**Provided entries:**
= = = =

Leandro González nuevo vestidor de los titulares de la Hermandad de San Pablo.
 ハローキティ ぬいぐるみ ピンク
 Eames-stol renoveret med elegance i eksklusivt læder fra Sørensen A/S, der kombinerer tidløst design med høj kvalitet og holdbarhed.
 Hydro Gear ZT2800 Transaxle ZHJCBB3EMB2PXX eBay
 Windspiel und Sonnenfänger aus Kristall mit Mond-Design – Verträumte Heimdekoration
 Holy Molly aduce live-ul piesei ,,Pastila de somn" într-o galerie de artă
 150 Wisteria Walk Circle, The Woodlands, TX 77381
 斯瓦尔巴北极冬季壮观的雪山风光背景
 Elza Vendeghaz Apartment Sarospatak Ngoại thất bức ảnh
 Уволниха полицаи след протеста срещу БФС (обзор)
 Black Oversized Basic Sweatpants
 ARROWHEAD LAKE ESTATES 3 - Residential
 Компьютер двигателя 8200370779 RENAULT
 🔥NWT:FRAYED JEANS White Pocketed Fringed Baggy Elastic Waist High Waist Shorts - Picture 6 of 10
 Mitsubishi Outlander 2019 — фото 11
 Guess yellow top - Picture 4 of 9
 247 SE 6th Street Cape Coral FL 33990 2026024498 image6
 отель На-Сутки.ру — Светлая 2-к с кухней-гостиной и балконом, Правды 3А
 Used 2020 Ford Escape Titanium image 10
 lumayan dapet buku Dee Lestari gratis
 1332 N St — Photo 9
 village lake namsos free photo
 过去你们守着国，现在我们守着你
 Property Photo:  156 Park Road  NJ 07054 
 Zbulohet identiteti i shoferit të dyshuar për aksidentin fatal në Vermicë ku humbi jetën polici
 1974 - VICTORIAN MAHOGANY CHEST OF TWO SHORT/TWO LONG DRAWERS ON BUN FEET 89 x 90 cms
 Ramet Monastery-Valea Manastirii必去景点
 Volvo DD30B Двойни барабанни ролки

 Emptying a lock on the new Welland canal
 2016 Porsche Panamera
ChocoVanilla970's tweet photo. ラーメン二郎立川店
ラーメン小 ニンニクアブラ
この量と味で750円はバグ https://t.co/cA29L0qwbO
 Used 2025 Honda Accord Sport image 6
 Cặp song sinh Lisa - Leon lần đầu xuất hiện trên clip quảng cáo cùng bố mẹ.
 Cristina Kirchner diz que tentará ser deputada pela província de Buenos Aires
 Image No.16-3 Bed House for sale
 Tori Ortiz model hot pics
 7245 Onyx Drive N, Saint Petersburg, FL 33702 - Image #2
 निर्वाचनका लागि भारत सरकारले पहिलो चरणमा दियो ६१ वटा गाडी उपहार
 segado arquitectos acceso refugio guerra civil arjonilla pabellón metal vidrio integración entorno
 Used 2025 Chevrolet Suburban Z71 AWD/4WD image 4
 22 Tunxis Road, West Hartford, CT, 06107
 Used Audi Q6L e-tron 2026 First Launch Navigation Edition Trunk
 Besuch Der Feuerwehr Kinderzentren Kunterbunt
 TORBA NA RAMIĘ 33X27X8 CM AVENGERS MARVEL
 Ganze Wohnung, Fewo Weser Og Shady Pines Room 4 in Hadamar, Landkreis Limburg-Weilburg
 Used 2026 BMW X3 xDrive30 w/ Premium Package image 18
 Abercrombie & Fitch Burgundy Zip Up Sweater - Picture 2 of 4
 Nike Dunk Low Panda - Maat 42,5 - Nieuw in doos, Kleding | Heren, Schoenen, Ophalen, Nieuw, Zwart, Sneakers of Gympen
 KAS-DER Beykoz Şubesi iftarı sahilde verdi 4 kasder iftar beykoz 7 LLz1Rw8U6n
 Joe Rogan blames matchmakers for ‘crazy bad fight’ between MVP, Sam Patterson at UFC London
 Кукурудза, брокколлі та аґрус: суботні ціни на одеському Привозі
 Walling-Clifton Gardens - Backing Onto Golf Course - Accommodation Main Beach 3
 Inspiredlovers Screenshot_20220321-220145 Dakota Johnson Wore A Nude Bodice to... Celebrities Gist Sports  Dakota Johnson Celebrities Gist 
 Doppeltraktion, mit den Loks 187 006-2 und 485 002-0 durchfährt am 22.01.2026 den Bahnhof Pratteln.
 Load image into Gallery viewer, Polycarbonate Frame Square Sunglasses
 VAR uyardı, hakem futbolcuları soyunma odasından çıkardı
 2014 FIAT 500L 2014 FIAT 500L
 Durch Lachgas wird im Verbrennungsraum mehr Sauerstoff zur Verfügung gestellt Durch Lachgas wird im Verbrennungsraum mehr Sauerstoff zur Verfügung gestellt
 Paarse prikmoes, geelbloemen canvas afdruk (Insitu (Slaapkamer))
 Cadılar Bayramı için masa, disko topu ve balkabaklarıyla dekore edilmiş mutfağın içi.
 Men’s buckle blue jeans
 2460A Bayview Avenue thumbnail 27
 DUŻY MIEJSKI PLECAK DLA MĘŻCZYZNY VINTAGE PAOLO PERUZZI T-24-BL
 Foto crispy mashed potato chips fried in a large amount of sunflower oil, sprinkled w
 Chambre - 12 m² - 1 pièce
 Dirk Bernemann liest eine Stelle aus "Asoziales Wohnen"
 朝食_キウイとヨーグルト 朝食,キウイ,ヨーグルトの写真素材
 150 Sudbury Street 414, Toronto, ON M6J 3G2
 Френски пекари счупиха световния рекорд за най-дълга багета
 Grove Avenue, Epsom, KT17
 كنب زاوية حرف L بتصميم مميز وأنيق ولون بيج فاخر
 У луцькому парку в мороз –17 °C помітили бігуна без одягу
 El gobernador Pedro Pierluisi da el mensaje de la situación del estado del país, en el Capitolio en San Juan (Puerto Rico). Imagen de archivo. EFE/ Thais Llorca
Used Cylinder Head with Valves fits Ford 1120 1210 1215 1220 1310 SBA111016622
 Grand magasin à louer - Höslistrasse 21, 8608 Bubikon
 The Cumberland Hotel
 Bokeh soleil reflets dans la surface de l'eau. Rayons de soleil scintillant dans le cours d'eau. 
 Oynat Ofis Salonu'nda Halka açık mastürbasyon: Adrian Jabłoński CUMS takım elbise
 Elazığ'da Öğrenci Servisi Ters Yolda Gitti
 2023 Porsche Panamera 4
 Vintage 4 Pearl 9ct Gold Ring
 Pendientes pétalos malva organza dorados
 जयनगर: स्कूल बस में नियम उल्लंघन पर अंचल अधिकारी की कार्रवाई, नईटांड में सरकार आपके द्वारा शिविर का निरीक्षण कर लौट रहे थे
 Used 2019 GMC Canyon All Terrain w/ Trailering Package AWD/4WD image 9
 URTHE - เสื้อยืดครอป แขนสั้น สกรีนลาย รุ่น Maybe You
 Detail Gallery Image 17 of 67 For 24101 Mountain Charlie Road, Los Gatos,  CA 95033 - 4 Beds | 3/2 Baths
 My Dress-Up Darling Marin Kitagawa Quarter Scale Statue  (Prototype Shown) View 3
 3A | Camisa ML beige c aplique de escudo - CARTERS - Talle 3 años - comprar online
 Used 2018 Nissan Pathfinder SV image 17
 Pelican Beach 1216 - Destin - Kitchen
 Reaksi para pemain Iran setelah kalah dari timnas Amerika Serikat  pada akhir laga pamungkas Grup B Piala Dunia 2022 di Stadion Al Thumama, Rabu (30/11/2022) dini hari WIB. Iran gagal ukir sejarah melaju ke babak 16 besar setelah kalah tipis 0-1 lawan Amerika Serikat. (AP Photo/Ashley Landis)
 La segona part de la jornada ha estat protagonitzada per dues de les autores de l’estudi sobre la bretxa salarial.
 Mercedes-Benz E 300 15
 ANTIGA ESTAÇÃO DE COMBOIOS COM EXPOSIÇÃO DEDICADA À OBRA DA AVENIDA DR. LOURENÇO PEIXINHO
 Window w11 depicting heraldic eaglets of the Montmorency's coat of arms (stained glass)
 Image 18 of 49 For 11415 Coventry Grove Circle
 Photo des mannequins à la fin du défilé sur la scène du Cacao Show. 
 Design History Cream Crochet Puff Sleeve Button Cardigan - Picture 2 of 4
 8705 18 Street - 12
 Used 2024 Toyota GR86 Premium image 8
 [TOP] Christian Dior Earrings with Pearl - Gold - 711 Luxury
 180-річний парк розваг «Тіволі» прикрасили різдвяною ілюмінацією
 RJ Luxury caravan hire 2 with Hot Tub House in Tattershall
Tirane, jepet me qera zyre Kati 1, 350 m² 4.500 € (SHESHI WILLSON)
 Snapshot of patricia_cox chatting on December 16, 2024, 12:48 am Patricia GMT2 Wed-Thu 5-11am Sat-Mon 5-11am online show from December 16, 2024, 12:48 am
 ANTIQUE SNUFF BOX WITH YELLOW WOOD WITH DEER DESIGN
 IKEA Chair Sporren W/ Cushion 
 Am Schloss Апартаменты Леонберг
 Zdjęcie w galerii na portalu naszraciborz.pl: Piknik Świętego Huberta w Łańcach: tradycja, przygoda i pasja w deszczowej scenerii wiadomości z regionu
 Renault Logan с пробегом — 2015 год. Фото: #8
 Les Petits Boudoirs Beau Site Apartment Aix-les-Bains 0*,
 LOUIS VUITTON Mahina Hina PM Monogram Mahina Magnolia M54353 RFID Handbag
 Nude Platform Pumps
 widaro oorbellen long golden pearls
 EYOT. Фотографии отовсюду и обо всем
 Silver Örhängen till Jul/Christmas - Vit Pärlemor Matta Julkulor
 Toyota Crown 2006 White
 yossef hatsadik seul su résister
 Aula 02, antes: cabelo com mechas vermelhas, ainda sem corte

= = = =

**Instructions for the task:**
Print only the lines from the top of the data above down to the line holding "ARROWHEAD LAKE ESTATES 3 - Residential", inclusive.

**Expected answer:**
Leandro González nuevo vestidor de los titulares de la Hermandad de San Pablo.
 ハローキティ ぬいぐるみ ピンク
 Eames-stol renoveret med elegance i eksklusivt læder fra Sørensen A/S, der kombinerer tidløst design med høj kvalitet og holdbarhed.
 Hydro Gear ZT2800 Transaxle ZHJCBB3EMB2PXX eBay
 Windspiel und Sonnenfänger aus Kristall mit Mond-Design – Verträumte Heimdekoration
 Holy Molly aduce live-ul piesei ,,Pastila de somn" într-o galerie de artă
 150 Wisteria Walk Circle, The Woodlands, TX 77381
 斯瓦尔巴北极冬季壮观的雪山风光背景
 Elza Vendeghaz Apartment Sarospatak Ngoại thất bức ảnh
 Уволниха полицаи след протеста срещу БФС (обзор)
 Black Oversized Basic Sweatpants
 ARROWHEAD LAKE ESTATES 3 - Residential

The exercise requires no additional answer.